Or, s’il avait été un petit quelqu’un en littérature de son vivant, Pessoa portait bien son nom de Personne à sa mort, humble fonctionnaire très alcoolisé en pardessus gris muraille et chapeau sans fantaisie, dont la postérité a frisé l’avortement autant que celle d’Henri-Frédéric Amiel, lequel avait ordonné la destruction de son Journal intime comptant plus de 16 000 pages, ou que celle de Franz Kafka auquel son exécuteur testamentaire Max Brod désobéit en ne brûlant rien non plus de son œuvre immense, contre sa volonté.

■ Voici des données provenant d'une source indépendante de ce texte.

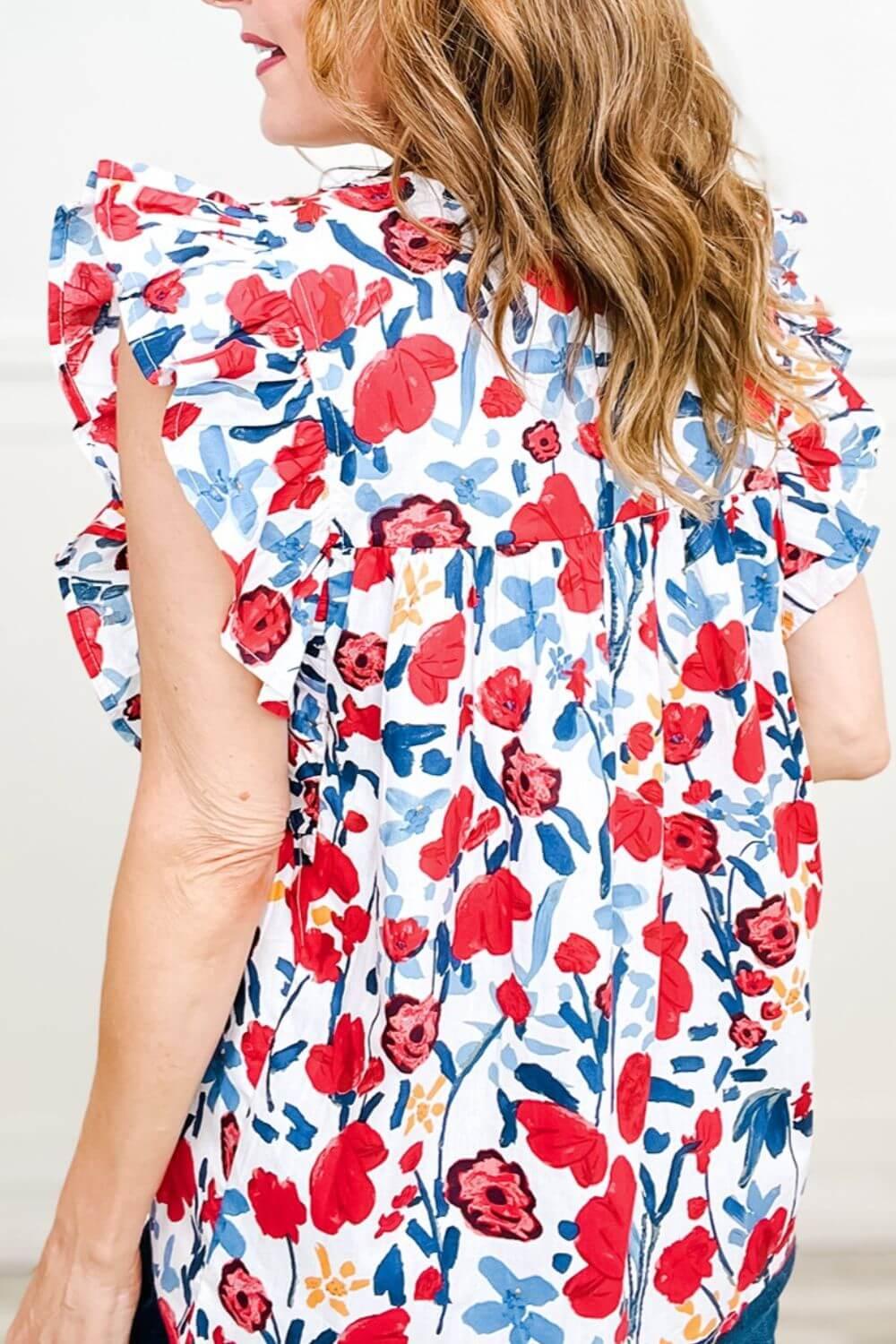 Ruffled Printed V-Neck Cap Sleeve Blouse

Et voici qu’après un peu moins d’un siècle, notre obscur rond-de-cuir, impersonnel en dépit de son nom, se retrouve pour ainsi dire poète national, sur lequel tout a été écrit et commenté au gré d’innombrables publications et colloques… Alors pourquoi, gentil senhor Pajak, en rajouter, vous qui n’êtes pas spécialiste pour un centime d’euro?  

Entre récits de vie et reportages d’idées

Est-ce parce que Pessoa est devenu «culte», selon l’expression à relent publicitaire, que Pajak s’est intéressé à l’œuvre et à la destinée de cet écrivain? C’est possible, et ça ne me gênerait pas autrement, mais je crois qu’il y a autre chose, qui fait que l’auteur bifide s’est arrêté, dans ses variations autobiographiques illustrées,  à Pavese et à Schopenhauer, à Nietzsche et à Ludwig Hohl, à Walter Benjamin ou à Marina Tsveteava et à Emily Dickson, entre autres «personnes» fort différentes les unes des autres mais fortement personnelles et en outre vues par lui «comme tout le monde», disons plus précisément: comme les individus réunis par le symbole vestimentaire des gilets jaunes ou comme Jésus de Nazareth − ce dernier rapprochement ne relevant pas du délire mais du fait que ce neuvième et dernier  volume du Manifeste incertain commence bel et bien, dans une méditation sur la démocratie et la liberté, par une évocation de la fronde populaire française et s’achève sur une vision différenciée combien humaine du rabbi Iéshoua…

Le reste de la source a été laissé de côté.